Most people who talk this way do care about the sad state of the world and would like to do something about it. But the way they speak traps them into ineffective patterns of behavior, focused on the wrong problems. In other cases, the conversation is not about sustainability at all, but rather how a business or other organization can out-compete others by greening its products and services. Using the web as an indicator, I did a search using “sustainable.” I didn’t look at all 73 million hits, but scanned the first few pages. Here’s the list—some were repeated: development, community, table, business, agriculture, economy, [style](http://www.sustainablestyle.org/), architecture, Northwest, South Bronx, buildings, choice, industries, and conservation.
Sustainable [style](http://www.sustainablestyle.org/) jumped right out of the screen. The header blared, “look fabulous, live well, do good.” A little further down, the site offered a strategy to everyone seeking to capture the sustainable style market.
* Be the premier resource on sustainable lifestyles and design: 
provide useful and up-to-date information and resources to both design professionals and consumers so that they can more easily incorporate sustainability into their work and/or lives
* Use the market: increase both the supply of and demand for sustainable products and services in the many and diverse style/design industries
* Dangle cocktail carrots: When it comes to using a carrot or a stick, we choose the carrot as there are lots of other groups out there that are very good at the stick approach. Better yet we use tiny cocktail carrots…sometimes even the smallest positive reinforcement can create big change.
* Surprise consumers: highlight the amount and breadth of sustainability already underway across the many and diverse style/design industries
* Keep sustainability in the media. Insure continuous forward progress to counteract the perception of sustainability as ‘fits and starts’ (a green building here, a fashion designer using organic cotton there…)
* Promote cross-industry awareness and inspiration: work to promote cross-industry learning and projects so that industries are aware of innovations in other industries that might be applicable in their own industry
* Use popular culture to influence consumer choices: provide high profile lifestyle role models to inspire consumers to make more sustainable personal lifestyle choices themselves
Because the way we are immersed in and use language can easily create blindness and deafness, it is easy to attribute “greenwashing” to people who talk about their sustainable activities. Some may indeed be dissembling, but most are genuine in their desire to lessen the load on the Earth. The only way to help the latter is to give them a new vocabulary, with which they can create a new story.

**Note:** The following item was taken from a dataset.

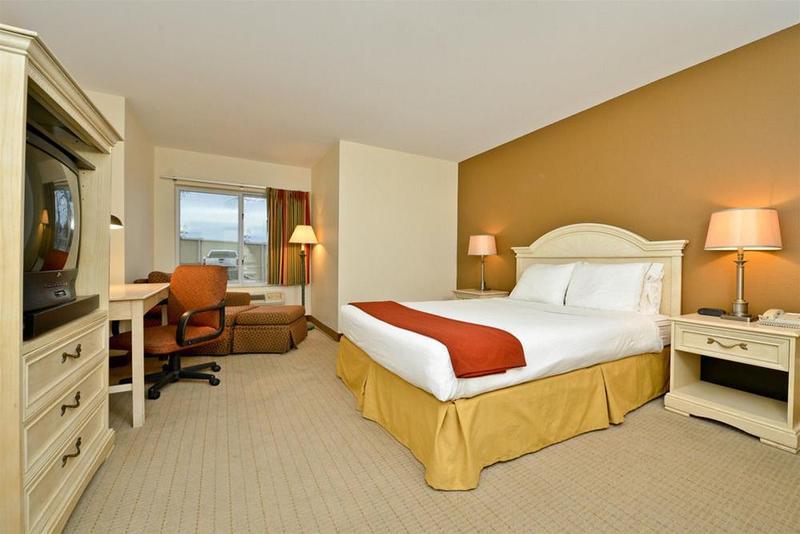 La Quinta By Wyndham Effingham Hotel Eksteriør billede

3 Replies to “Is Sustainable X Really Sustainable?”

  1. First, there isn’t any earth-friendly way. One can only create relatively less impact. If there actions make them think they are solving the problems of unsustainability and fail to make them aware of broader responsibility to care for the Planet, then, in the long run, nothing much will change in the culture that leads us in the wring direction.
    Second, sustainable development is only a slightly modified economic model than the one that has created the problems. Growth on a finite planet has to stop at some point, but economic theory rests on ever more production and consumption.

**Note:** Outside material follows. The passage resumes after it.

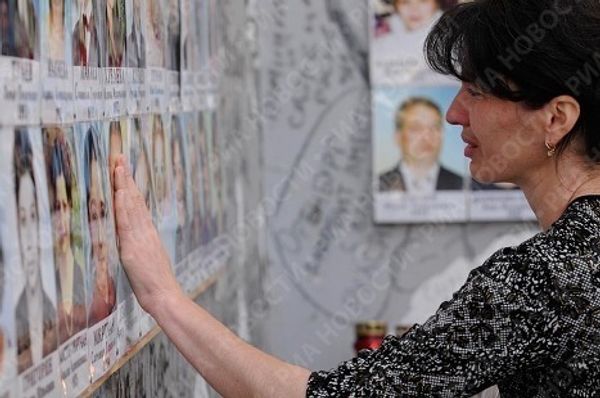 A school that is forever silent. Remembering victims of Beslan hostage crisis: five years later A school that is forever silent. Remembering victims of Beslan hostage crisis: five years later - Sputnik International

  2. The difficulty I see is the balance between “raising awareness” and actually being effective at living within a sustainable system. I agree that we have to make a complete shift from our current model of consumption to a “life cycle” approach to living on the Earth. The big question to me is: How do we make the transition? In my opinion, it has to occur on a personal level. That is, it cannot be effectively “forced” on a population through legislation, etc., but must be realized/understood by all individuals. So, can this transition be done by degrees (encouraging “sustainable development” today so that it raises awareness of the actual impact of living in our culture today), or does it require a relatively rapid “paradigm shift” in how we live our lives on this planet?

  3. I agree with you. Change has to happen one person at a time. The strategy is my book is grounded in creating awareness in individuals through the use of encoded values and norms in the everyday artifacts they use. The Kuhnian paradigm shifts you mention can happen quickly in a tight scientific discipline like physics, but societal paradigm change can only occur slowly. But at some point it can reach a “tipping point,” at which time change would accelerate.